É fácil rir de Brazza pelo que ele possui de índice da nossa própria precariedade. Em tempos de afirmação de "excelência técnica" do cinema nacional, ele filma com negativo vencido, sem controle de luz atento, sem atores, sem domínio da chamada "decupagem". Mas, principalmente, ele representa um atentado a toda noção do que seja um "cinema aceitável" para nossos olhos cheios de "cultura".

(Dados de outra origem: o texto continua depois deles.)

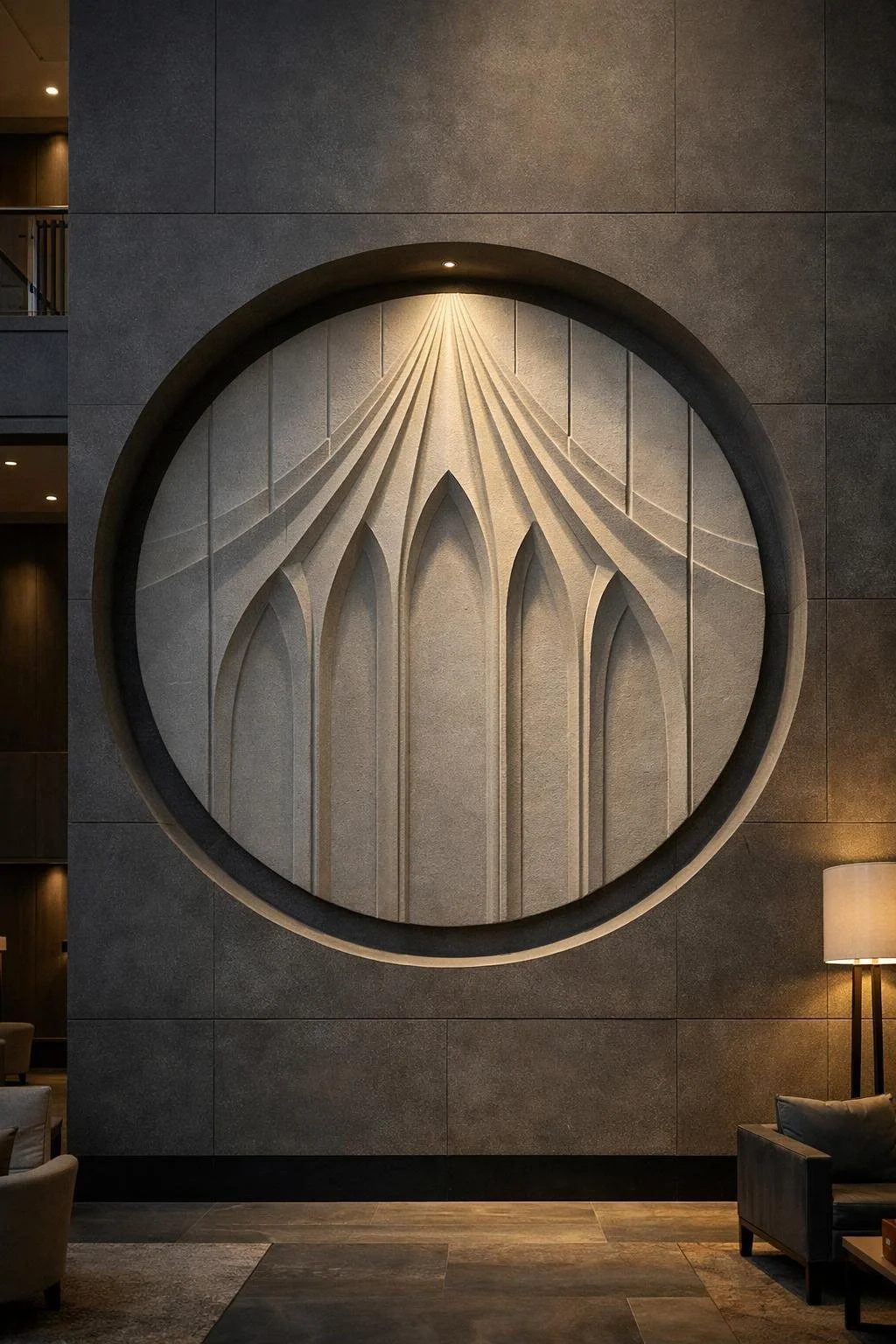 Custom large scale circular wall sculpture. Solaro Art Collection.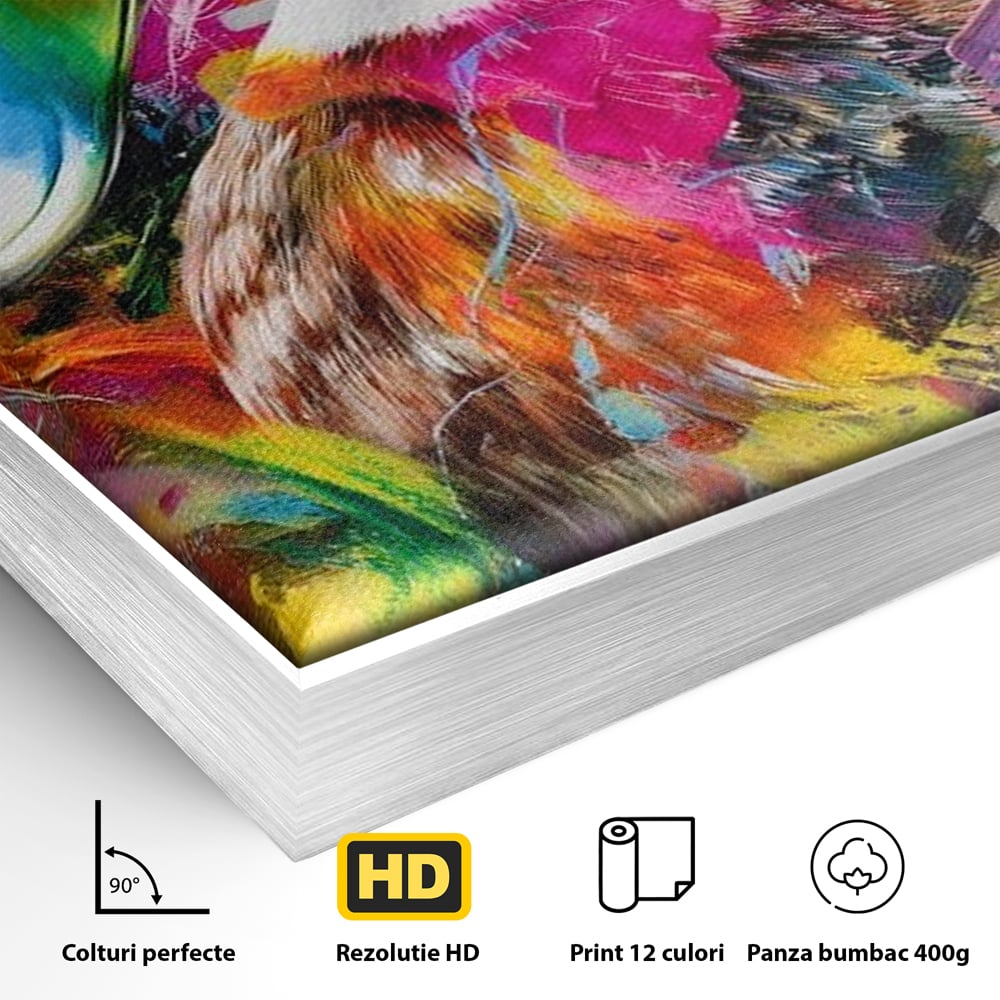 Detaliu al suprafetei: tablou canvas cu rata colorata, in rama de aluminiu argintiu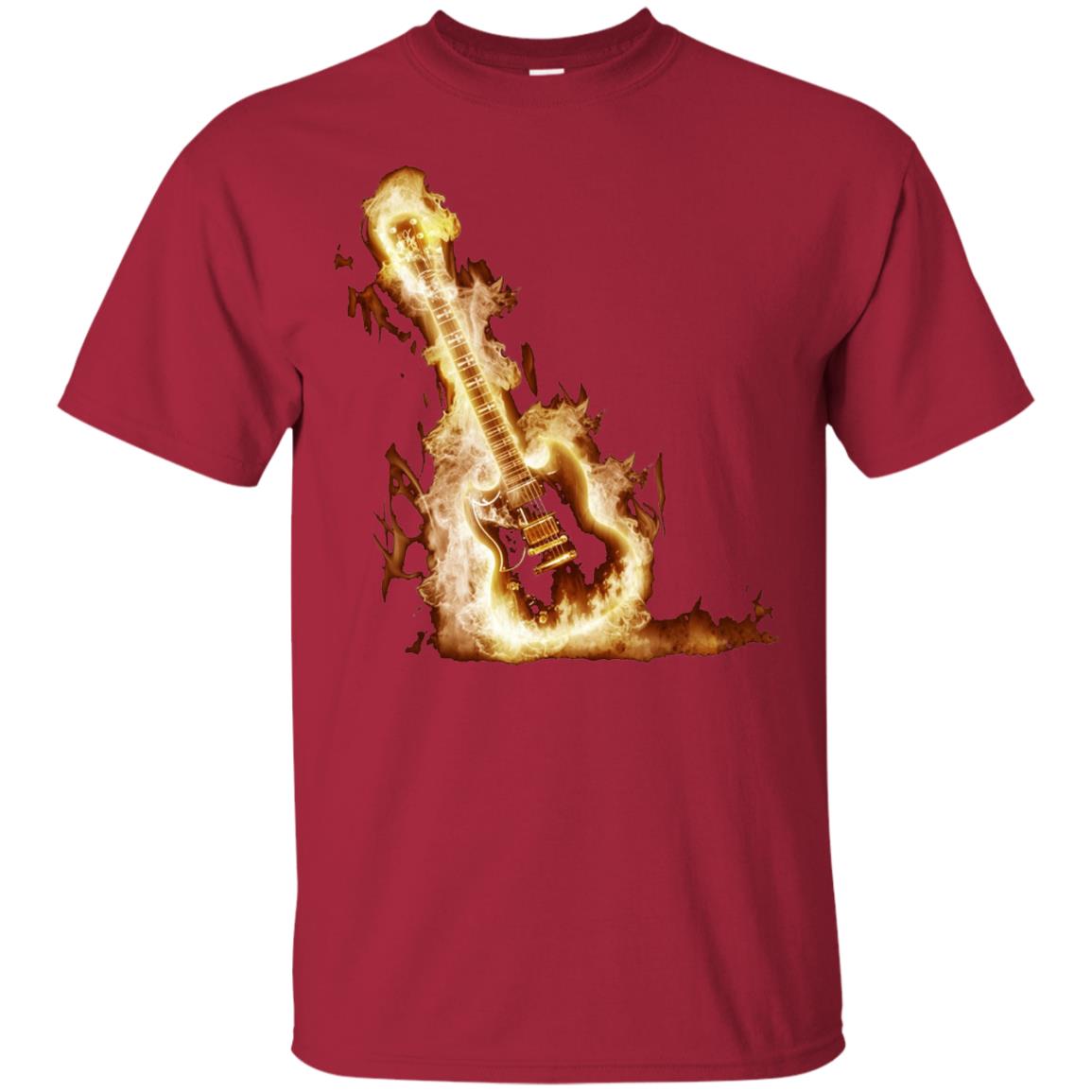 Rock Guitar On Fire T-shirt Cardinal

Muito mais difícil seria gastar um minuto para perceber no cinema de Afonso Brazza indícios fascinantes de uma linguagem audiovisual pura, intocada mesmo. Efetivamente "mal-educado" (pois não aprendeu a se "portar"), seu filme nos remete aos primórdios do cinema, quando ainda não havia gramática a ser seguida. Uma época quando a simples superposição de imagens e sons, ou a ordenação aleatória de imagens, construía relações inesperadas de continuidade e lógica, ou uma pura fascinação. Seus filmes são a explosão de um imaginário incontido, de uma paixão irracional, de um desejo de "fazer cinema" a qualquer custo. Aqueles fizerem o esforço de liberar suas mentes, porém, poderão se divertir imensamente. Rindo com o filme, e não do filme.

Como descrever os planos perdidos de um singelo céu com nuvens, no meio de um tiroteio? Ou um personagem que grita ao longo do filme todo "Apareça, Maicon!!", quando não conseguimos nem localizá-lo geograficamente? O espectador pode até pensar em Woo, Seijun Suzuki, Peckinpah ou nos filmes baratos de kung fu, como parâmetros de olhar. Melhor seria pensar no cinema nacional, na liberdade narrativa dos filmes de Roberto Farias que têm Roberto Carlos como protagonista, por exemplo. Mas estes são exemplos de uso consciente do arsenal imaginativo e livre do cinema. Brazza é puro instinto. Se há algum cineasta sequer próximo a ele no impulso criador (embora com implicações e modelos diferentes), este seria José Mojica Marins que, aliás e não por acaso, aparece neste filme.

Ver um filme de Brazza é, ainda hoje, lidar com o inqualificável, com aquilo que não se consegue mensurar ao comparar com mais nada. Quantas chances o cinema ainda nos dá destas aventuras inesperadas?